By ANN HINCH
COLUMBUS, Ind. — Some farm women want to make their operation more successful; others want to work on family relationships that affect the business, and there are those who feel they need to improve both.
There are also women married to farmers who want to work at something besides agriculture, for themselves.
In 1978, Elaine Froese moved to southwestern Manitoba to work in local rural extension. The Canadian met and married a local farmer; on her wedding day she wore a veil she’d made herself for $10, trumpeting her own frugality.
In front of a gathering of about 200 attendees of the Purdue University Women in Agriculture’s annual conference last month, she unpacked the same veil from a small box and held it up as she began her keynote comments.
“When we put on this veil,” she said to the other farm wives, “and we come to the altar, and make a commitment … do we know what we’re getting ourselves into?”
This and a fair amount of other humor punctuated the rest of her talk, but her point was serious about “Living an Intentional Life.” In Canada, she said the average age of a widow is 56; in the United States, it’s 55 – her own age.
Fortunately, her husband is still alive and well, and the two work his family’s fifth-generation farm, which includes a certified seed business.
But, she pointed out her life or anyone’s can change in an instant. “Why should we live an intentional life?” she asked, in talking about setting goals and working on them. “Because we don’t know when it’ll end.”
Years ago, Froese began to help other farm families she knew that were having problems and, 10 years ago, she became certified as a farm family business coach. Her talk in Columbus was focused on the state of mind one needs to work with in order to be happier and more productive – if that’s the end goal.
In itself, hard work is no longer a guarantee of financial success, so she tries to help farmers see how they can adjust to changing business models that take other factors into account. Her job is to make clients answer “what do you want?” “what do you need to learn?” and “what do you choose to act on?” for themselves.

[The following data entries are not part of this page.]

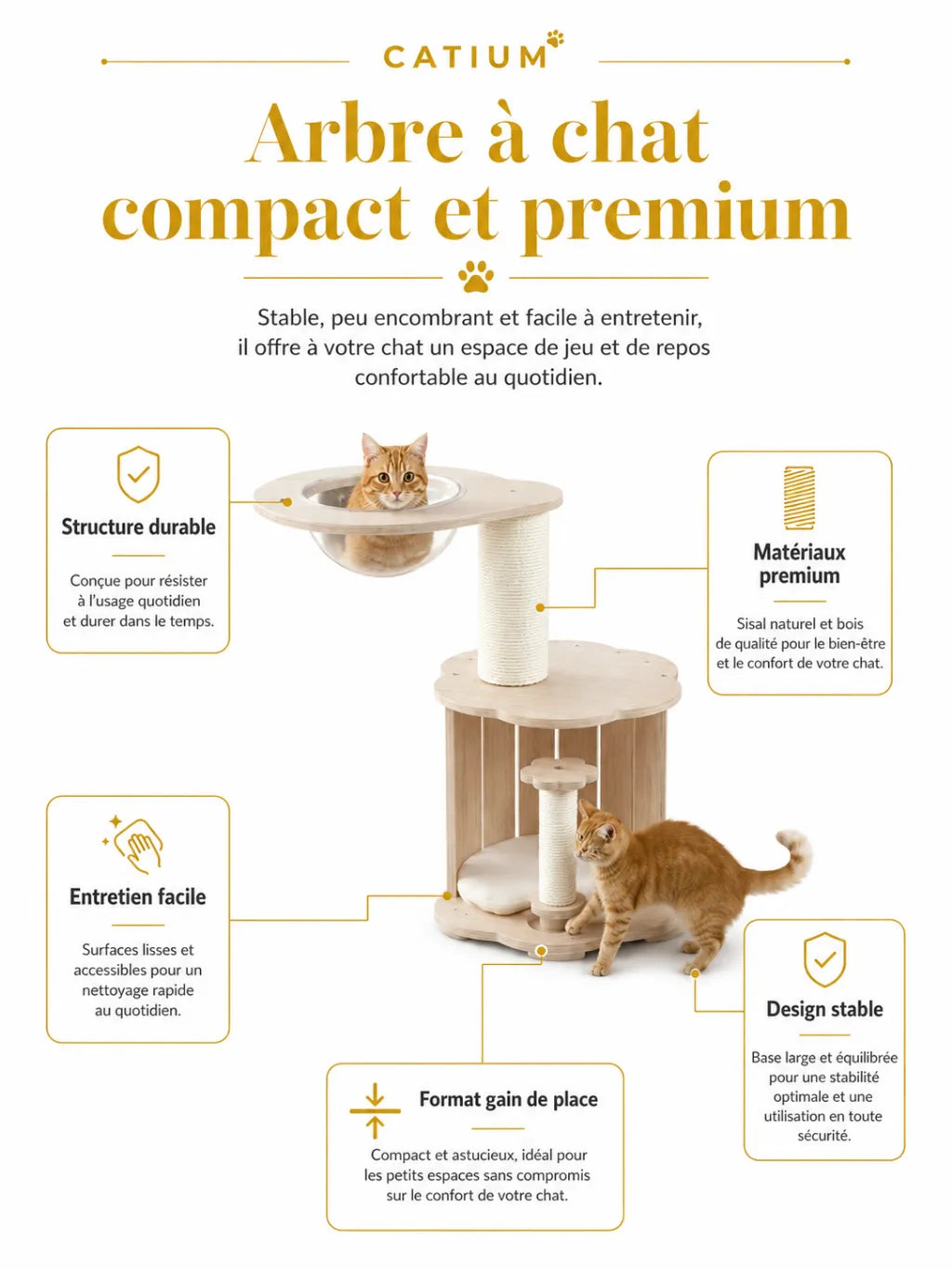 Circuit de balles de l’arbre à chat Astralia pour stimuler le jeu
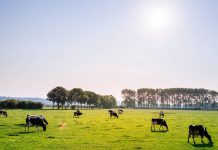 Dairy Farmers of America holds annual meeting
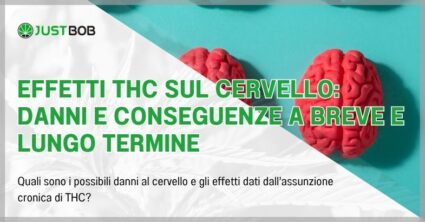 Effetti THC sul cervello: danni e conseguenze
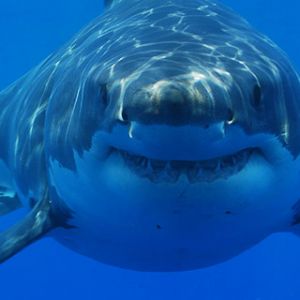 Tiburón Blanco Bajo el Agua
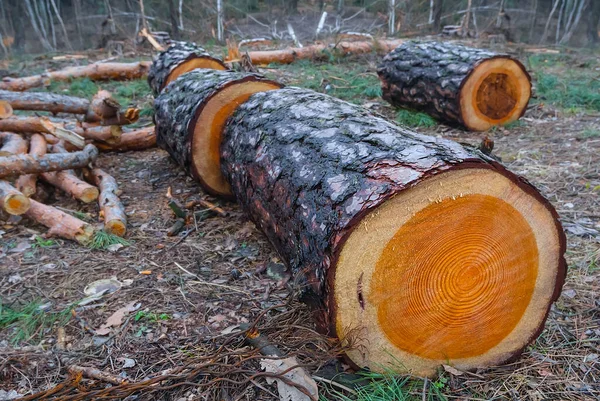 Closeup Heap Pine Tree Trunk Lie Forest Glade Renewable Resource — Stock Photo, Image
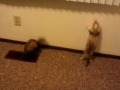 Crazy ferrets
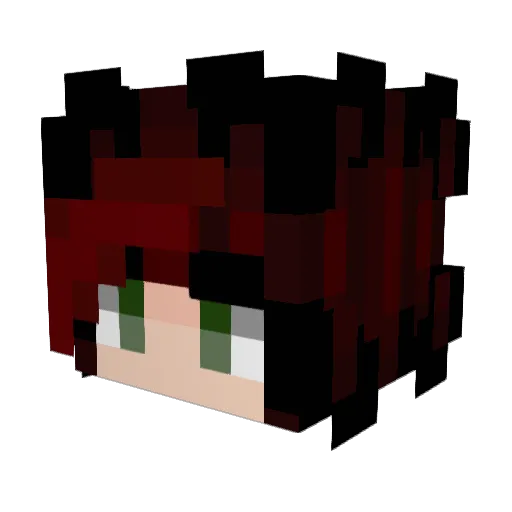 wyguy313 Minecraft avatar head, 3D render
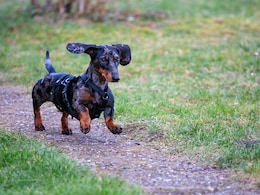 British Woman Stabs Estranged Husband Who Euthanised Her Rescue Dogs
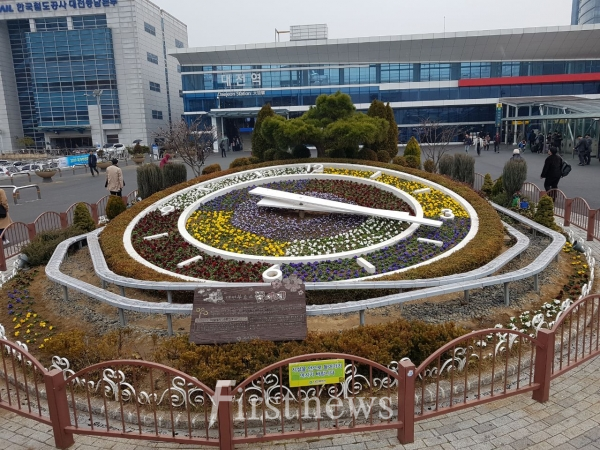 사진=대전역 꽃시계 화사한 봄옷을 입다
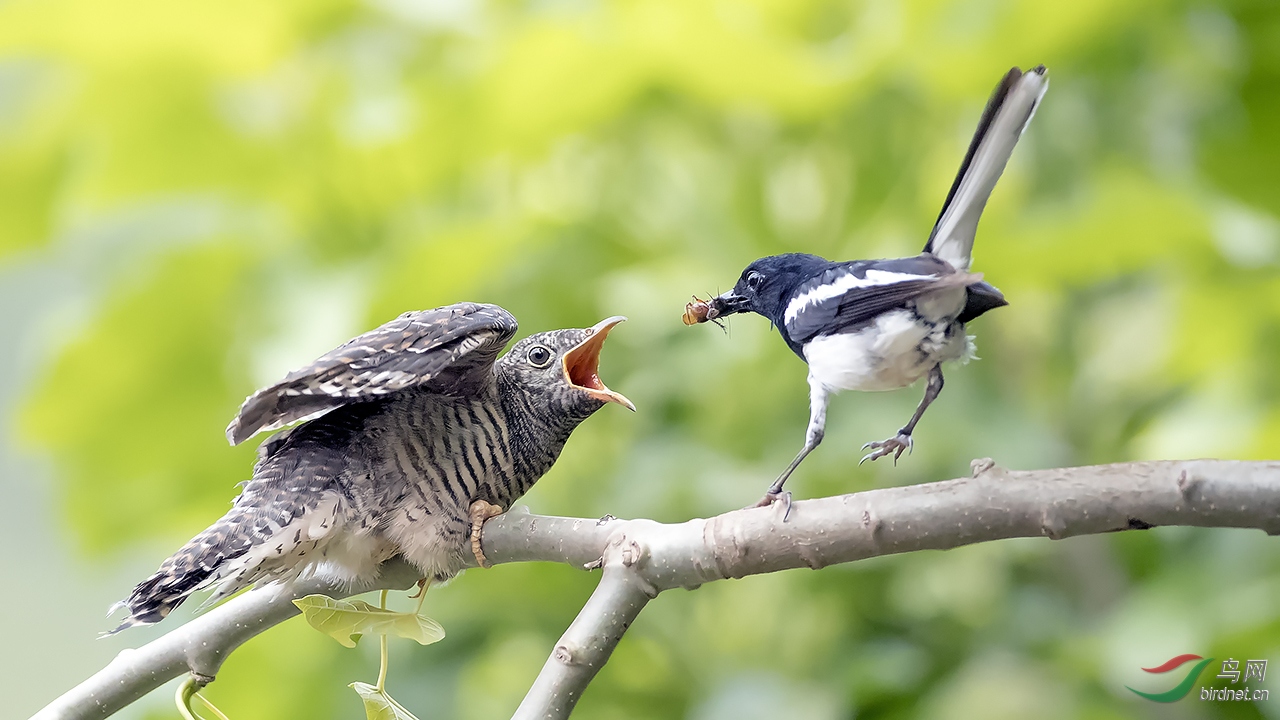鸲鹊哺育杜鹃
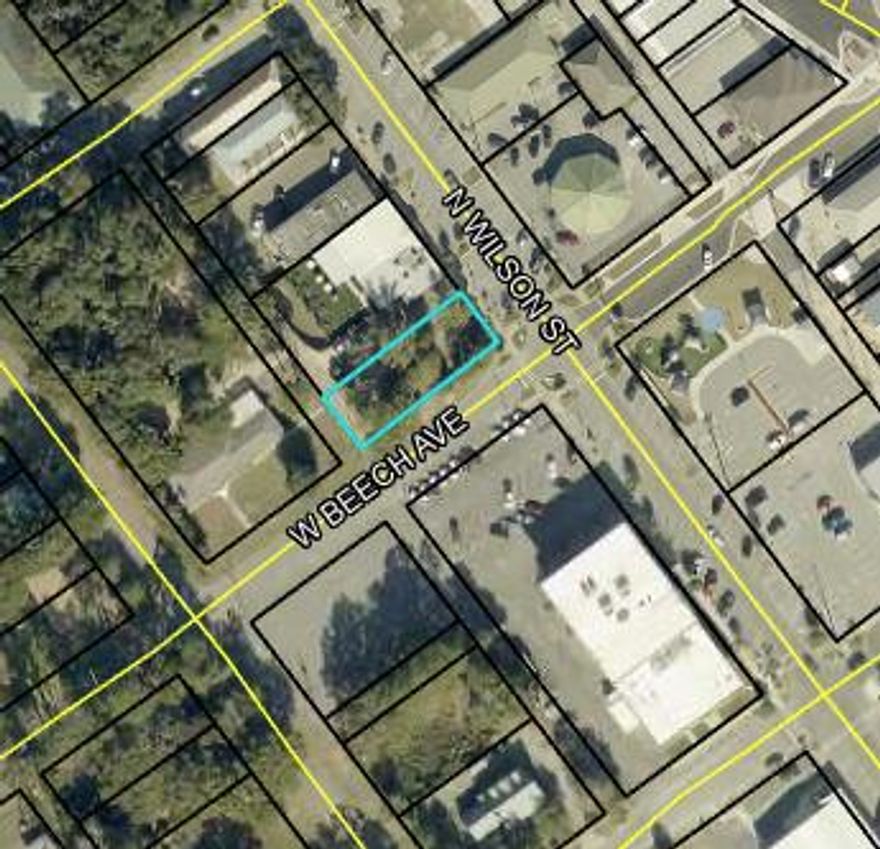 Prime Development Opportunity-Downtown Crestview CRA District
This is a rare opportunity for investors and developers seeking flexibility, incentives, and a strategic location.
Key Highlights:
•Maximize Your Build: Favorable CRA guidelines allow for maximum use of square footage
•Development-Friendly: Reduced constraints on parking requirements, stormwater management, and site limitations
•Grant Incentives: Potential eligibility for up to $100,000 in grant funding
•Walkable Downtown Location: Positioned in a growing, pedestrian-friendly area with strong community activity
•Government Hub Proximity: Conveniently located near the Okaloosa County Tax office and courthouse
Important: Buyers are responsible for verifying all pertinent details

Note: Listing agent owns interest in property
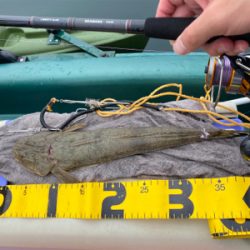 二馬力ボート初釣行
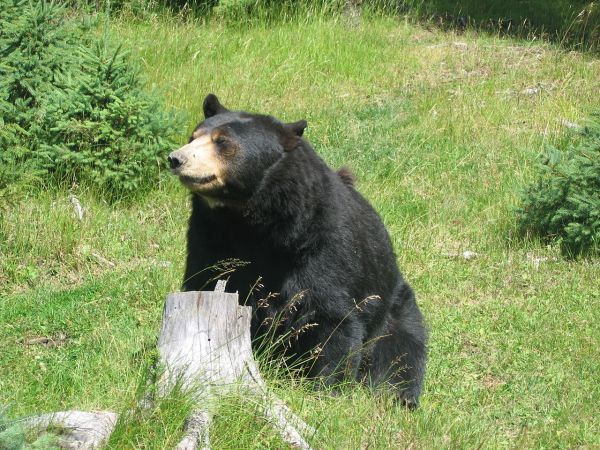 Bears Hate Drones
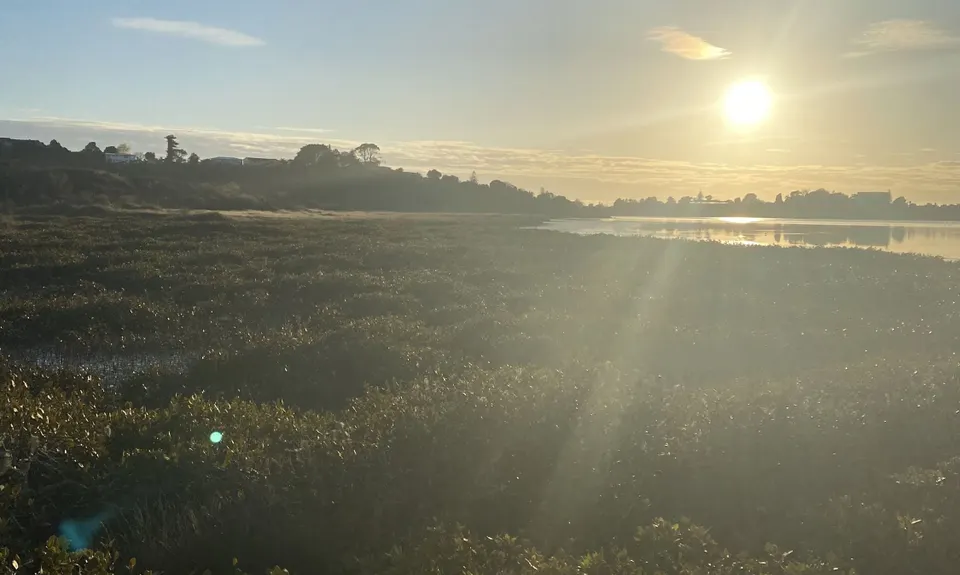 Daisy Hardwick Loop, Bay of Plenty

Women, particularly, need to become involved in their farms’ business if they aren’t already. She pointed out some special problems they may face – such as the client who didn’t know how she and her husband were supposed to approach her mother-in-law with a proposal to take over the family farm, even though they’d been working it for decades; or dealing with non-farm siblings when participating in a succession plan.
Or, there are farmers who let the business consume them to the exclusion of the other important parts of their lives – fun, family, friends. “Have you let your farm become a monster?” she said she’s been known to ask. “Does the business serve the family, or does the family serve the farm?”
In one memorable instance of an older farmer selling the property to save his marriage, she recalled him explaining, when questioned, “I love her more than I love the farm.” In other situations, such as dealing with in-laws over the family farm business, she encourages women to not avoid confrontation – but to be respectful and direct in facing it.
“All of you, as farm women, have a voice,” Froese reminded the conference attendees – and need to use it, whether it’s in running the farm, or at the kitchen table during estate planning or in the ag business boardroom.
Sometimes, successful people go through a slump. She described its four cyclical stages as The Renewal Cycle: “go for it,” or a period of stability and success; “doldrums,” which is just what it sounds like, complete with disenchantment, anger, feelings of being trapped; “cocooning,” or introspection and quiet recovery; “getting ready,” which is coming up with ideas, networking, taking risks and learning; and back into “go for it” to try again.
“There’s probably nothing I’ve told you today that you don’t already know,” she said, closing her remarks. “I’m just reminding you.”